With a machine like St. Louis, youngsters are not needed in large roles. The Cardinals are a team that fill veterans in every major spot, and fix holes with experience. However, injuries are a funny thing, opening up holes even a great GM like Walt Jocketty could not have planned for.

This year had a few of those instances with the Cards. Reggie Sanders had a hobbled season in the outfield, only playing half of St. Louis' games in left. Second in innings logged in left was John Rodriguez, a 27-year-old that had been an undrafted free agent in 1997. After a dominant start to the season in Memphis (his OPS was over 1.200), Rodriguez would play 56 games for the Cardinals. During that time the left-hander gave Tony La Russa a solid .295/.382/.436 line, spanning 149 at-bats.

Second in rookie at-bats to Rodriguez was another veteran minor leaguer, Scott Seabol. The 30-year-old split time all over the diamond, mostly replacing Scott Rolen at the hot corner. Seabol had some heroics with the Cards, but in the end, provided little in way of production. with Rolen returning to the lineup in 2006, you can bet the Cards won't be giving Seabol another 105 at-bats.

Moving to the mound, the only other place the Cardinals needed anything near full-time help was in the bullpen. After beginning the 2004 season with a professional baseball record of 56.2 consecutive scoreless innings, Brad Thompson's season ended with a rash of injuries. This year, however, the St. Louis front office moved Thompson to the bullpen, where he would pitch in 40 games. Despite less-than-stellar peripherals, Thompson's 2.40 GB/FB ratio shows his sinker is a powerful weapon.

Rounding out the rookies, the Cardinals gave a bit of time to John Gall in the field, and Anthony Reyes in the rotation. Both could have more significant roles next season, which is more than you can say of Seabol.

Atlanta Braves

The opposite of the Cardinals. As you know, every year it looks as if the Braves will not make the playoffs. And every year, they do. What made this year special was that the foundation from past years was gone, forcing Bobby Cox into his most difficult position yet. And with the help of rookies, the Braves won it again.

Before the season, everyone thought the one area that John Schuerholz did a bad job designing was the outfield corners. The team had Brian Jordan and Raul Mondesi penciled in, with very little to offer in way of replacements. Unsurprisingly, the two veterans did not take long to be both injured and ineffective, forcing Cox to improvise on the fly. His first fix was the combination of Ryan Langerhans and Kelly Johnson.

Both of these two performed admirably; Langerhans' .267/.348/.426 and versatility should make for a good fourth outfielder, and Kelly Johnson sandwiched a bad start and bad finish with very nice play. However, during a slump from both players, the Braves needed another answer, and aggressively turned to one of their top prospects: Jeff Francoeur. At this point, the rest is history. Fantastic play in right field, clutch hitting, the spark this team needed to propel forward. In the end, a .300/.336/.549 line at the age of 21.

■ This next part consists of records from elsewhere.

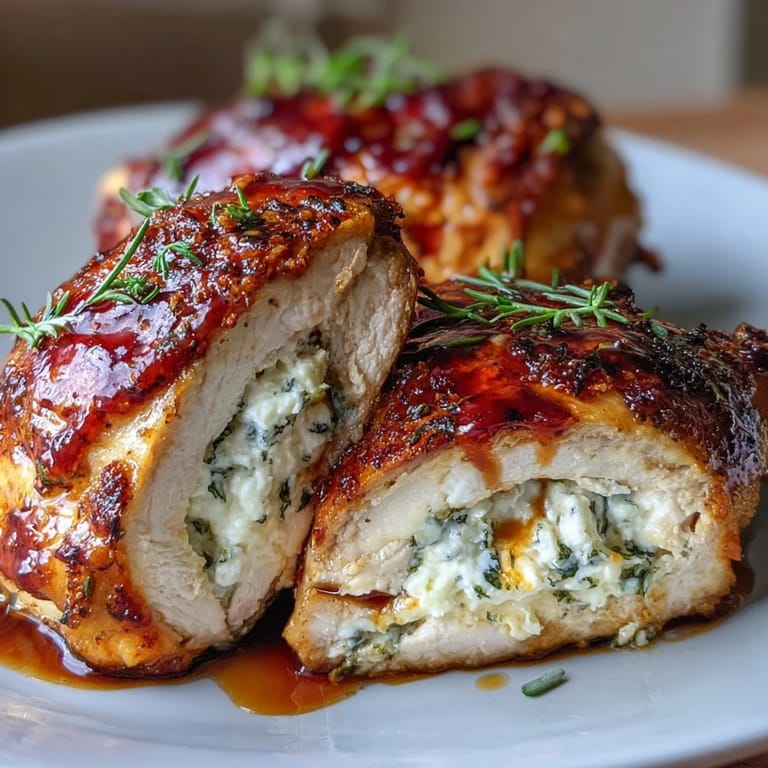 Juicy, golden-brown chicken breasts stuffed with creamy ricotta and drizzled with spicy-sweet hot honey glaze.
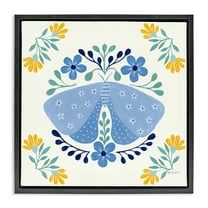Stupell Industries Blue Folk Butterfly Insects Painting Black Floater Framed Canvas Art Print Wall Art, 18 x 18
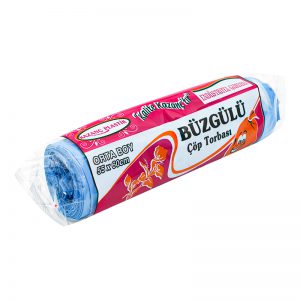 Kazanç Çöp Poşeti 200 Gr Orta Mavi Büzgülü 55x60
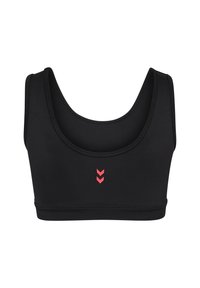 Svart sport-bh i stretchigt tyg med rundad ringning och en rosa chevron-logga i mitten. Sömlösa kanter.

Smaller injuries in the infield would also demand rookies attention, as Chipper Jones, Johnny Estrada and Marcus Giles all went down at some point. Giles would have been replaced by Nick Green if the club hadn't spun him into Leo Mazzone's newest reclimation project: Jorge Sosa. Instead, they one-upped Green, finding Pete Orr, who in 150 at-bats hit a solid .300/.331/.387. Estrada was replaced by Brian McCann, who played so well, that he continued to earn starts when Estrada returned. In his 180 at-bats, McCann hit .275/.348/.451, and likely convinced the Braves to deal/non-tender Estrada over the winter.

At third, two options were tried. One failed miserably, the other succeeded. If I had asked you before the season to guess which one was Andy Marte, and which was Wilson Betemit, you would have been wrong. Marte struggled badly in his call-up, and finished the season with a .140 average in 57 at-bats. Former top prospect Betemit, on the other hand, may be looked at to replace Rafael Furcal next year after a .305/.359/.435 season. And remember, this was just his age 24 season.

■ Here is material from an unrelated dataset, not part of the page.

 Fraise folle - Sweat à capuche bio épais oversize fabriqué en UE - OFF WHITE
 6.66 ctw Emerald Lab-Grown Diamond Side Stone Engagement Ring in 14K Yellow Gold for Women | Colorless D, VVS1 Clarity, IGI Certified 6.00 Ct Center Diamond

The pitching side of things goes quicker, as Mazzone managed to keep his staff a little more in tact than the position players. Still, with a hole in the rotation early in the season, the Braves looked to Kyle Davies to fill the role. Like Marte, he wasn't ready. His ERA finished the season at 4.93, which is very good considering his WHIP: 1.68. Look for Davies to get a little more seasoning before thrust into the rotation in 2006.

Finally, we have the bullpen, where Blaine Boyer gave the Braves more than 40 games. Not really considered a prospect before the season, a move to relieving (and Mazzone) did Boyer well, as he posted a 3.11 ERA. In the end of the season, the team also used Macay McBride in the bullpen, with solid results. 14 innings, 22 strikeouts, and a likely spot in the 2006 pen.

At least next year Cox' problem will be avoiding sophomore slumps, not dealing with rookies, right?

Houston Astros

Before the season, the Astros were on the short list of teams that could house the NL Rookie of the Year. For after a fantastic 2004 season at AAA, Chris Burke looked poised to step right into the Houston lineup. He didn't. Postseason heroics aside, Burke's role was largely a bench one, and his line of .248/.309/.368. We could bash the Astros for playing Biggio in Burke's spot, but it looks like a good decision in hindsight.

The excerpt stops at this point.